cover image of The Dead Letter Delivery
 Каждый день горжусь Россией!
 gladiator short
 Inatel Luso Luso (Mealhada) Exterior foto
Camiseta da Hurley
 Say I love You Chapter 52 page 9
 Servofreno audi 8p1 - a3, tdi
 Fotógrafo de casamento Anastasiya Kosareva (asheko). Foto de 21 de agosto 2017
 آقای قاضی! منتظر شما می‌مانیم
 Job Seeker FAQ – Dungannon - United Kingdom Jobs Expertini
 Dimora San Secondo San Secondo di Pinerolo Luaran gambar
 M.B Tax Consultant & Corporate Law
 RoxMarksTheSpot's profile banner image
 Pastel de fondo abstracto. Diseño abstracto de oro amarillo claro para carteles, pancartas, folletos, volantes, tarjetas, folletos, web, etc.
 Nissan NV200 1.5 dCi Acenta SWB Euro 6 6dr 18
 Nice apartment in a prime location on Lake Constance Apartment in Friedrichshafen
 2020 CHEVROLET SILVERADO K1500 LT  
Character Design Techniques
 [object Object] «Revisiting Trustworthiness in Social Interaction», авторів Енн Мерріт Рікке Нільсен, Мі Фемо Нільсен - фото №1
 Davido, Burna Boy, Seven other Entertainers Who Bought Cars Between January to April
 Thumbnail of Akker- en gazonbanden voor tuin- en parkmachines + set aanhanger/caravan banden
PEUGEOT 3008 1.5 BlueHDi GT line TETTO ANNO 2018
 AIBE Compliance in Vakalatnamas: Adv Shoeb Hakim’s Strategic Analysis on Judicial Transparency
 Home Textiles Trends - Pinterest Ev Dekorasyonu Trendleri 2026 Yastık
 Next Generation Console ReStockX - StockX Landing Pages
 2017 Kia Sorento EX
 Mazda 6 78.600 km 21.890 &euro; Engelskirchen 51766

=== To do ===
From the line that holds "Character Design Techniques" down to the last line of the material, copy every line exactly and add nothing.

=== Response box ===
Character Design Techniques
 [object Object] «Revisiting Trustworthiness in Social Interaction», авторів Енн Мерріт Рікке Нільсен, Мі Фемо Нільсен - фото №1
 Davido, Burna Boy, Seven other Entertainers Who Bought Cars Between January to April
 Thumbnail of Akker- en gazonbanden voor tuin- en parkmachines + set aanhanger/caravan banden
PEUGEOT 3008 1.5 BlueHDi GT line TETTO ANNO 2018
 AIBE Compliance in Vakalatnamas: Adv Shoeb Hakim’s Strategic Analysis on Judicial Transparency
 Home Textiles Trends - Pinterest Ev Dekorasyonu Trendleri 2026 Yastık
 Next Generation Console ReStockX - StockX Landing Pages
 2017 Kia Sorento EX
 Mazda 6 78.600 km 21.890 &euro; Engelskirchen 51766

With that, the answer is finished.